WORK REQUIRED:
Exactly the lines below starting at the line with "Voit Kauçuk Kaplı Dumbbell Set 10Kg" and ending at the line with "Women's Pure Wool" are wanted, with both ends included. Leave out the pictures and add no other lines.

[[ DATA RECORDS open ]]

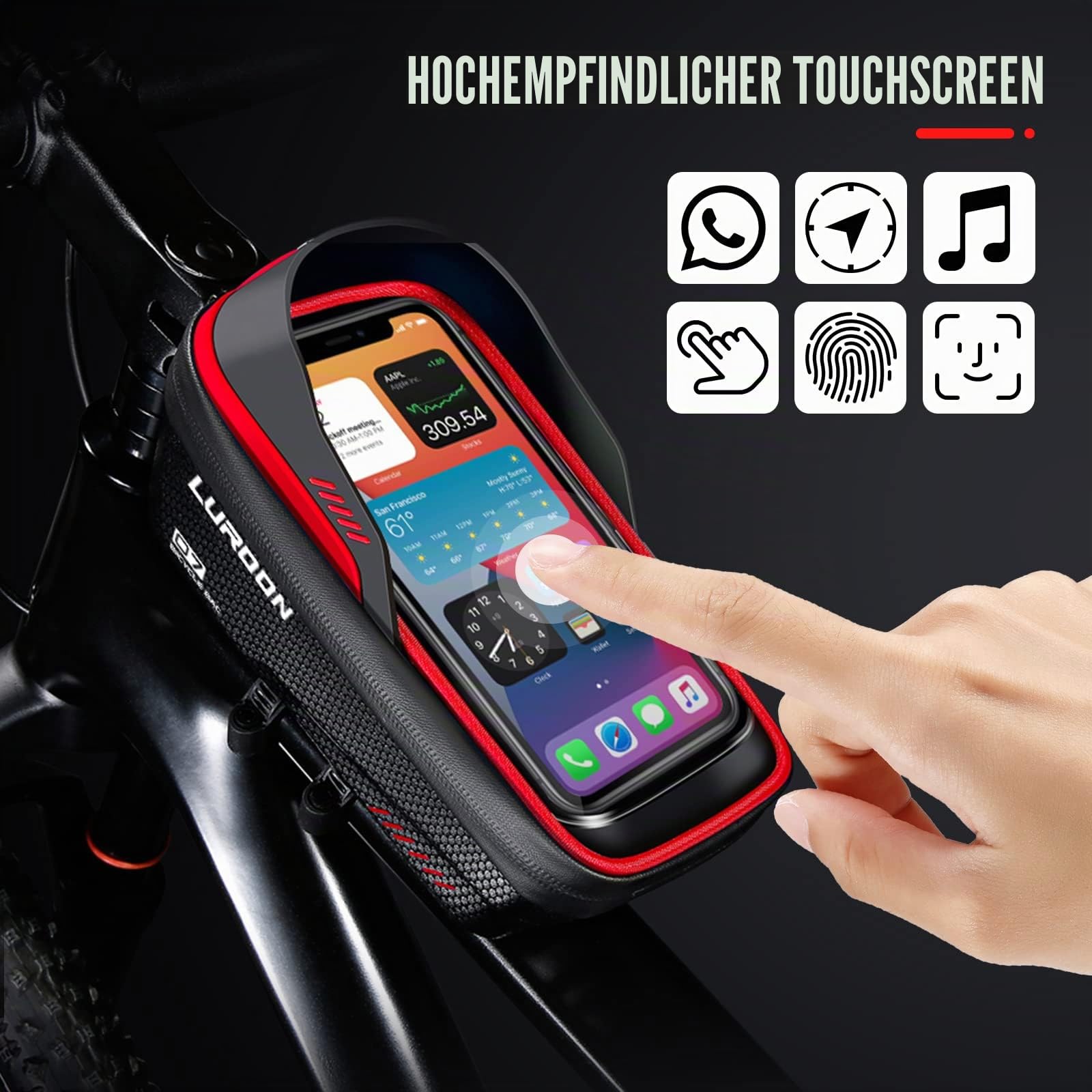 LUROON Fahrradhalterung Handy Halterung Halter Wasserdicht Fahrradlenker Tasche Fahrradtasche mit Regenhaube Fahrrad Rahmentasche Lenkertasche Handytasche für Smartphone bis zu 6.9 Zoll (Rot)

[[ DATA RECORDS closed ]]
[[ DATA RECORDS open ]]

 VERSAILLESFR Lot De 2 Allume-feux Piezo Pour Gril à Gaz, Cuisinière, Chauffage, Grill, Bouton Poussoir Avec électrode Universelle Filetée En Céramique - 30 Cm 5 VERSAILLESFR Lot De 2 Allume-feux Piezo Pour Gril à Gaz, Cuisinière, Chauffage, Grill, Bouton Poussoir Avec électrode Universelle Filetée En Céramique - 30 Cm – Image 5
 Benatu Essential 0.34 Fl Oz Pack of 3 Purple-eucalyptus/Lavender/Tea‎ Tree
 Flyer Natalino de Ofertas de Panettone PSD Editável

[[ DATA RECORDS closed ]]
[[ DATA RECORDS open ]]

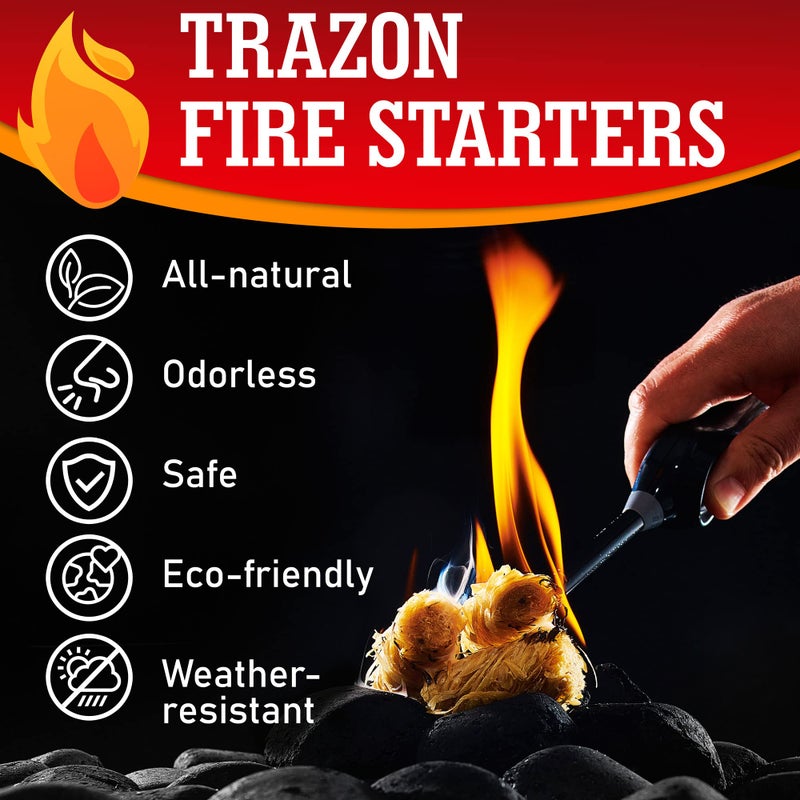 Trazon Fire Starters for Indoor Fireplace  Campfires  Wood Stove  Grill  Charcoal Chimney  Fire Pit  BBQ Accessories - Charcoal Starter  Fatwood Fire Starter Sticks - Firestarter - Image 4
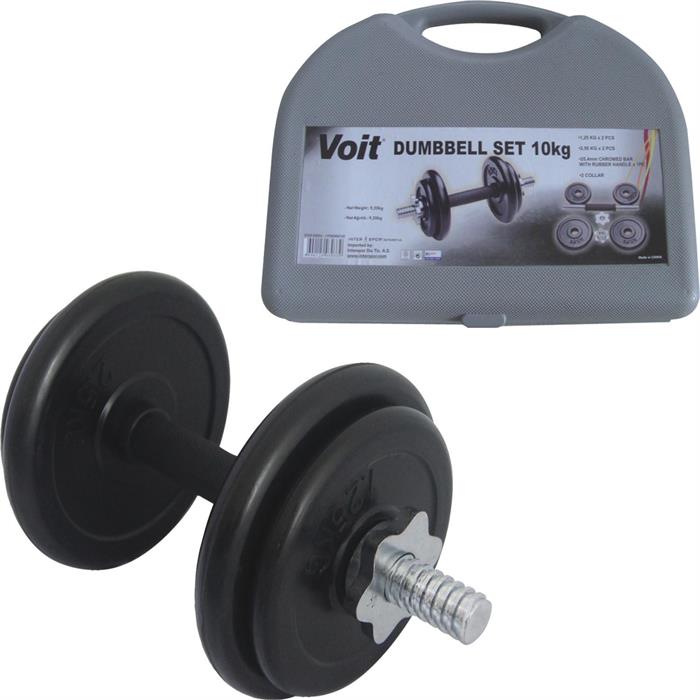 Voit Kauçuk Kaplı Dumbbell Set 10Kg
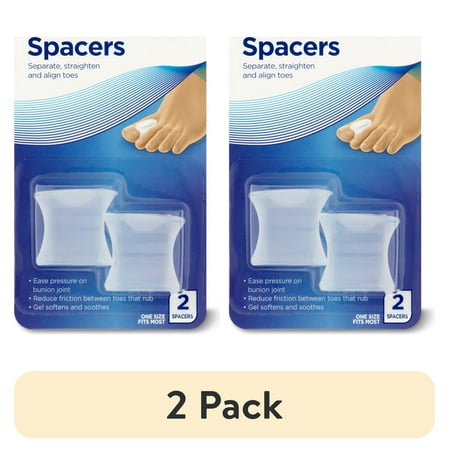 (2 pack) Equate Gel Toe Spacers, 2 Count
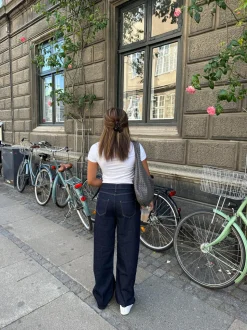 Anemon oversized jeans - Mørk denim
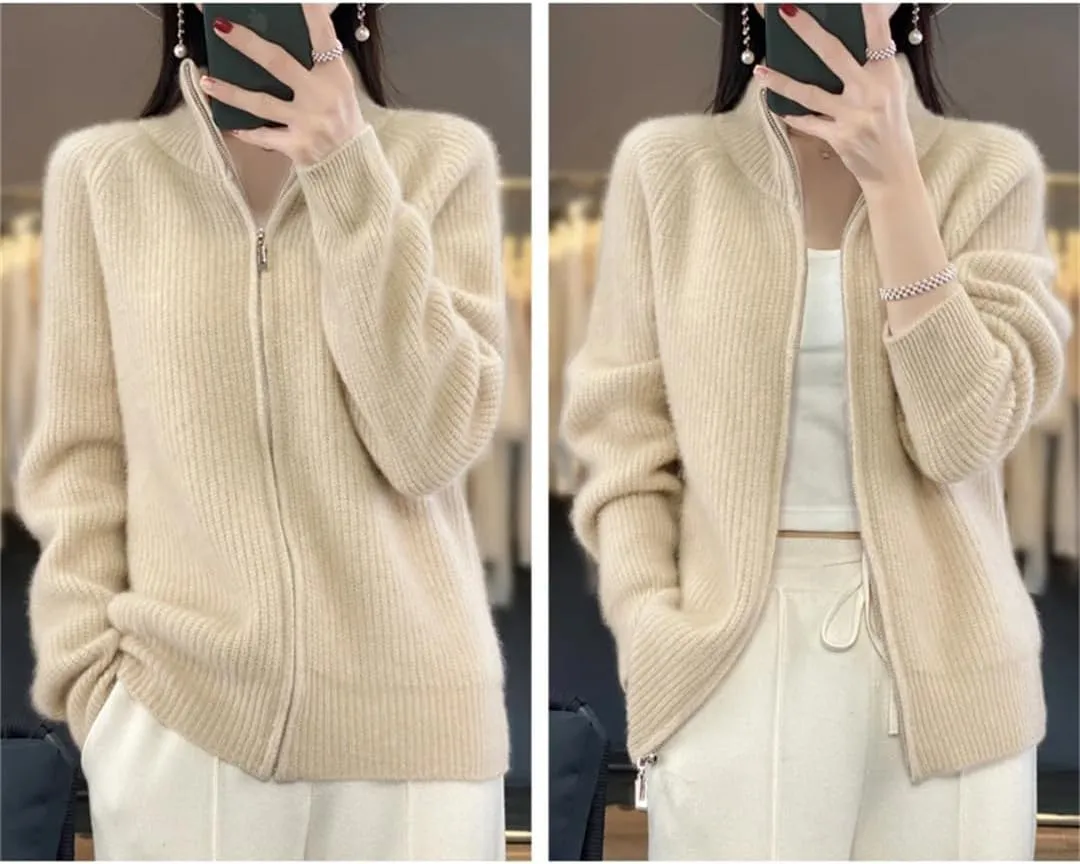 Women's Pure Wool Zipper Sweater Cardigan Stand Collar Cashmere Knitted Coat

[[ DATA RECORDS closed ]]

TASK RESPONSE:
 Voit Kauçuk Kaplı Dumbbell Set 10Kg
 (2 pack) Equate Gel Toe Spacers, 2 Count
 Anemon oversized jeans - Mørk denim
 Women's Pure Wool Zipper Sweater Cardigan Stand Collar Cashmere Knitted Coat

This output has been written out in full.